Tire rack says these will fit our cars. At 16.8 lbs each vs. 24 lbs each for the stock wheels would make a huge difference by the weight reduction of 7.2 lbs per wheel. Matched with some 225/60R16 tires would make it + 1.2% in total diameter.

This should make a significant improvement over the original Fuel Economy average MPG. Anybody wanna try them out?


----------



## MP81 (Jul 20, 2015)

Hmm, interesting if they fit or not. I'd probably go with a 215/60R16, in the interest of being lighter and keeping the same section width.


----------



## Sperry (Aug 3, 2013)

This car is a real highway star . My 50,000 mile average was 49.7 I do believe. I have the pic somewhere. Should be in my signature


----------



## Sperry (Aug 3, 2013)

About 230,000 miles now and replaced the def heater once . I’d love to get the gem 2 but retirement is getting close and I don’t really need another payment


----------



## Sperry (Aug 3, 2013)

Best tank for distance . Should have pushed another 50 miles


----------



## HeathenCruze (May 11, 2020)

Diesel4Ever said:


> Tire rack says these will fit our cars. At 16.8 lbs each vs. 24 lbs each for the stock wheels would make a huge difference by the weight reduction of 7.2 lbs per wheel. Matched with some 225/60R16 tires would make it + 1.2% in total diameter.
> 
> This should make a significant improvement over the original Fuel Economy average MPG. Anybody wanna try them out?
> 
> ...


What are they and how much?


----------



## Scott205 (Aug 11, 2016)

15cruzediesel said:


> All five windows open.
> A good mix of speeds from 55 to 70.
> Cruze control for 95% of journey.
> 
> Sad GM didn't push this car harder.


First off opening your windows above 35mph defeats the entire slipstream of the car, above 50 it is more efficient to run your a/c. Also cruise control, wastes tons of gas, you don't accelerate much down hill and the computer tend to push the throttle in the 2/3-3/4 going up hill.

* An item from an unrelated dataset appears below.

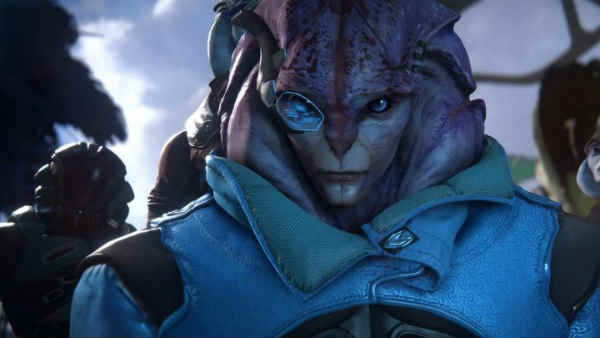 seducir a Jaal en Mass Effect Andromeda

When you do it again, especially below 80 degrees, do it will the windows up and your foot keeping the same throttle position (slowing down up hill, speed up down hill) and see what you get.

I wish I would have bought a diesel, but my expectations at the time were to put 9k a year, ended up at 16k due to the ex moving.


----------



## Diesel4Ever (May 30, 2018)

HeathenCruze said:


> What are they and how much?


Enkei J10

$135 per wheel.



https://m.tirerack.com/wheels/WheelCloseUpServlet?target=runWheelSearch&initialPartNumber=40967003SML&wheelMake=Enkei+Performance&wheelModel=J10&wheelFinish=Silver+w%2FMachined+Lip&showRear=no&autoMake=Chevrolet&autoModel=Cruze&autoYear=2014&autoModClar=Turbo+Diesel


----------



## boraz (Aug 29, 2013)

Scott205 said:


> First off opening your windows above 35mph defeats the entire slipstream of the car, above 50 it is more efficient to run your a/c. Also cruise control, wastes tons of gas, you don't accelerate much down hill and the computer tend to push the throttle in the 2/3-3/4 going up hill.
> 
> When you do it again, especially below 80 degrees, do it will the windows up and your foot keeping the same throttle position (slowing down up hill, speed up down hill) and see what you get.
> 
> I wish I would have bought a diesel, but my expectations at the time were to put 9k a year, ended up at 16k due to the ex moving.


this car wastes zero gas

this car gets better mpg using cruise control


----------



## HeathenCruze (May 11, 2020)

Scott205 said:


> First off opening your windows above 35mph defeats the entire slipstream of the car, above 50 it is more efficient to run your a/c. Also cruise control, wastes tons of gas, you don't accelerate much down hill and the computer tend to push the throttle in the 2/3-3/4 going up hill.
> 
> When you do it again, especially below 80 degrees, do it will the windows up and your foot keeping the same throttle position (slowing down up hill, speed up down hill) and see what you get.
> 
> I wish I would have bought a diesel, but my expectations at the time were to put 9k a year, ended up at 16k due to the ex moving.





boraz said:


> this car wastes zero gas
> 
> this car gets better mpg using cruise control


On the 17 mile, 2 lane, 50mph, hilly/curvy section of road I drive twice a day as part of my 170 daily commute...i most definitely get better mileage without the cruise control set. I dont try to maintain the same speed to the top like the cruise does. Pick up a little more going downhill.


----------